2023 is set to be the warmest year on record. And yet 2022 saw a record level of global greenhouse gas emissions, according to a recent U.N. Environment Programme report.

This year’s COP is again expected to be fraught with the issue of phasing out – or phasing down — fossil fuels, and whether the use of so-called “abatement” technologies that enable carbon capture and storage (CCS) should enable the continued use of fossil fuels. This phenomenally important yet divisive topic has taken centre stage at the climate talks in recent years, but ought to have been a priority decades ago.

It has taken the world collectively a long time to admit that fossil fuels cause climate change, and even now there is denial in some quarters. Fossil fuels were omitted from an official U.N. climate decision at COP26 in Glasgow, just two years ago. The official text was set to include a pledge to “phase out” coal power, until at the last minute India and China demanded this be changed to “phase down.” Previous to that, oil and gas-producing countries blocked any specific mention of fossil fuels in official texts, which require agreement from all nearly 200 countries that attend the talks.

Last week the EU pushed again for a total phase-out of fossil fuels as soon as possible, calling for a global deal at COP28 that would also halt all new investments in fossil fuel extraction. But earlier this year, at the G20 in July, major fossil fuel producers including Russia and Saudi Arabia disagreed with the EU’s push to phase out unabated fossil fuels (as in, those burnt without carbon capture).
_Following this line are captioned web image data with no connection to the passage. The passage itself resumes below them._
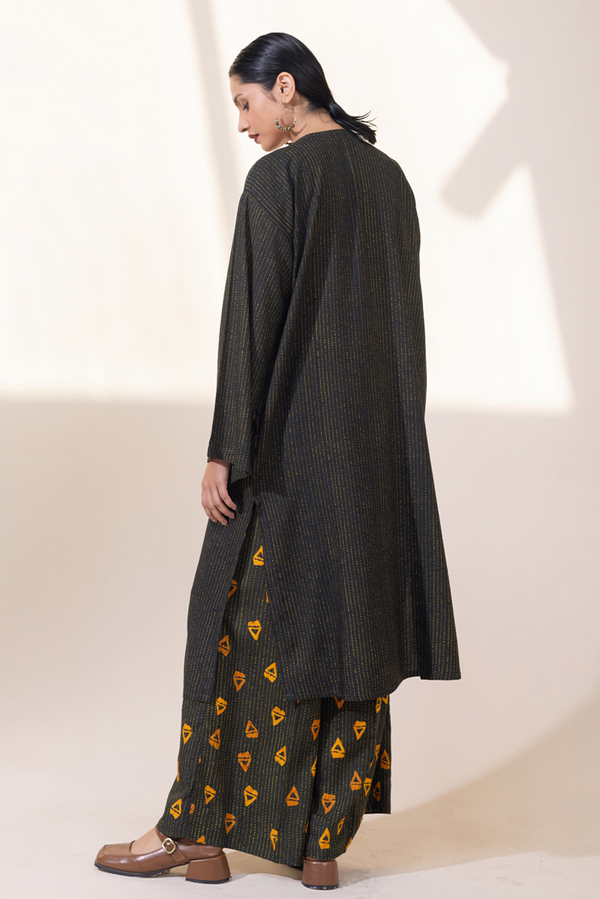 KanthaTukri Printed Set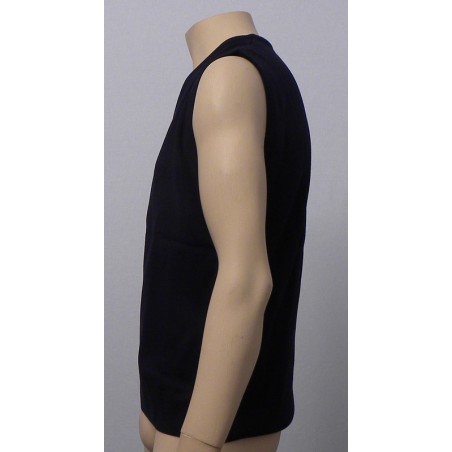 Chaleco punto ref.516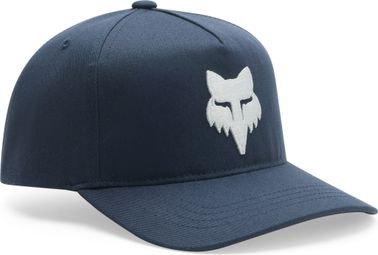 Cappellino Fox Fox Head Subframe Junior blu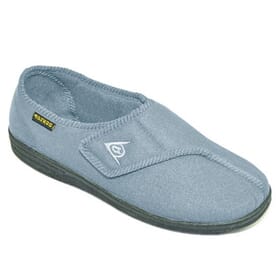 Mens slippers hot sale size 6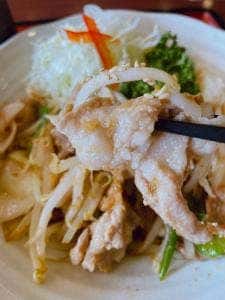 和風レストランまるまつ 築館店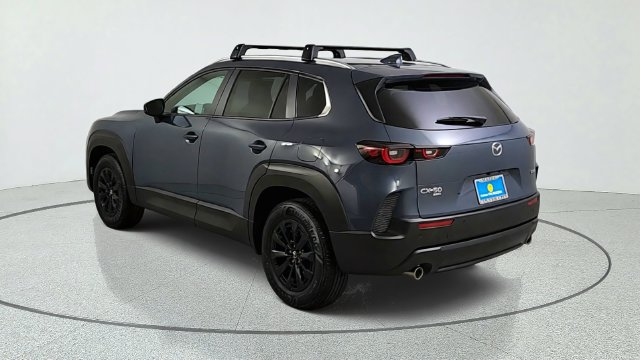 New 2026 MAZDA CX-50 2.5 Hybrid w/ Weather Package AWD/4WD image 5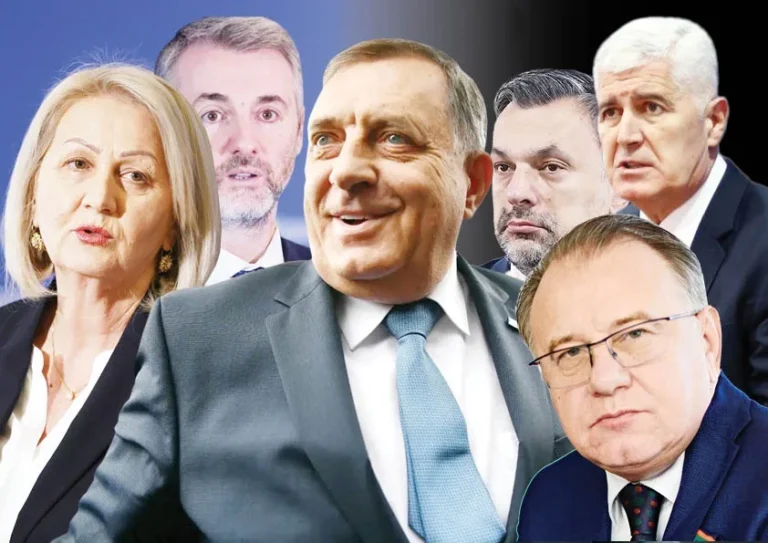 DO KOGA JE? | Zašto se kajemo nakon izbora? Je li problem u nama ili političarima?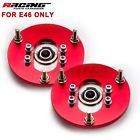 Fx71lm Maxpeedingrods Camber Plates Fit Bmw Pillow Adjustable Coilover Kit Great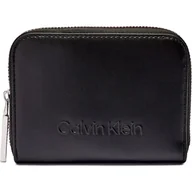 Portfele - Calvin Klein Portfel - miniaturka - grafika 1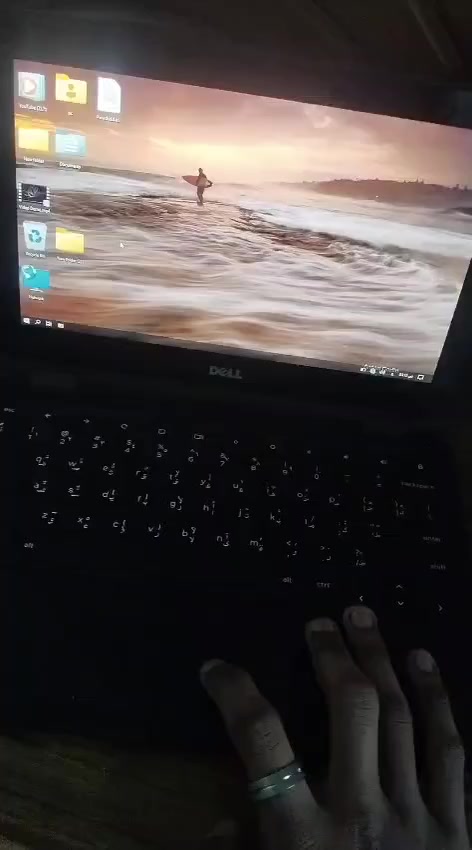 سلام عليكم حاسبا للبيع ذاكره 64 الشراي يجي خاص


**إذا كنت صاحب هذا الإعلان وتريد حذفه لأي سبب، رجاءا أرسل رسالة إلى الدعم الفني**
Proponents say carbon capture will improve energy security, and that a rapid phase-out of fossil fuels is naïve, even dangerous. But for those who oppose the use of abatement technologies, CCS is unproven at scale, has been seen to fail time and time again, and gives Big Oil an excuse to continue burning dirty fossil fuels while also appearing to comply with net zero targets. Is it possible to both burn fossil fuels and save the planet? The contradictory policies of the Persian petrostate hosting the climate talks epitomise this notion.

One day the world will likely agree a phase-out of unabated fossil fuels is necessary, but hopes of that happening in Dubai are fading as the reality of fossil fuel interests colliding with climate progress threatens concrete action.